The people of the Late Antique world spoke many languages: Syriac, Coptic, Greek, Latin, Armenian, Gothic, Nabatean, Pahlavi (Middle Persian), Arabic, Hebrew, and Aramaic. As a result, the study of the period offers researchers many more voices and perspectives on the time than the classical history of Greece or Rome, which traditionally have been centered about Greek and Latin. What is also truly remarkable about Late Antique history, then, is that the sources preserved in these languages – especially from realms on the empire’s frontier, or in places where Roman power withdrew – are more numerous than in earlier periods. The abundance of these texts, in multiple languages, allows us to recalibrate our historical vision, focusing on local environments and creating a more kaleidoscopic view of history instead of one told through a restricted set of lenses.
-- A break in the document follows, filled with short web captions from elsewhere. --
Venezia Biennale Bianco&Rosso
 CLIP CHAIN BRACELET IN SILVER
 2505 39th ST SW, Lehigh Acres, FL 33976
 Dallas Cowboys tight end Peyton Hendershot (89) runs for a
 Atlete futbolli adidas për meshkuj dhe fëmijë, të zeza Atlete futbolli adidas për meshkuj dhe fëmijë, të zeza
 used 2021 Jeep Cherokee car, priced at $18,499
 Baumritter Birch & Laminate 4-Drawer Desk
The growing popularity and exchange of bound books broadened this world.
In this chapter, the sixth century CE, in particular, emerged as a key time period for analyzing literary and intellectual developments. Although Latin remained the language of law in Justinian’s Roman Empire, writers and intellectuals had been largely working in Greek throughout this time, as the works of Procopius of Caesarea and the inscription honoring the patronage of Emperor Anicia Juliana revealed. By the middle of the sixth century, however, Greek had become the official language of Constantinople. In the western Mediterranean, meanwhile, a Latin culture flourished. Bishop Damasus of Rome, in the late fourth century CE, is one person who gave this culture a Christian push. Books themselves were valued objects among non‐Christians, Christians, and Jews.
Finally, the inscription from the Dome of the Rock in Jerusalem confirms that, by the late seventh century CE, many faith communities throughout the Mediterranean, like Christians, were often identified with their books. The extent to which Christianity caused the rising popularity of books throughout the Roman Empire, however, is far from certain.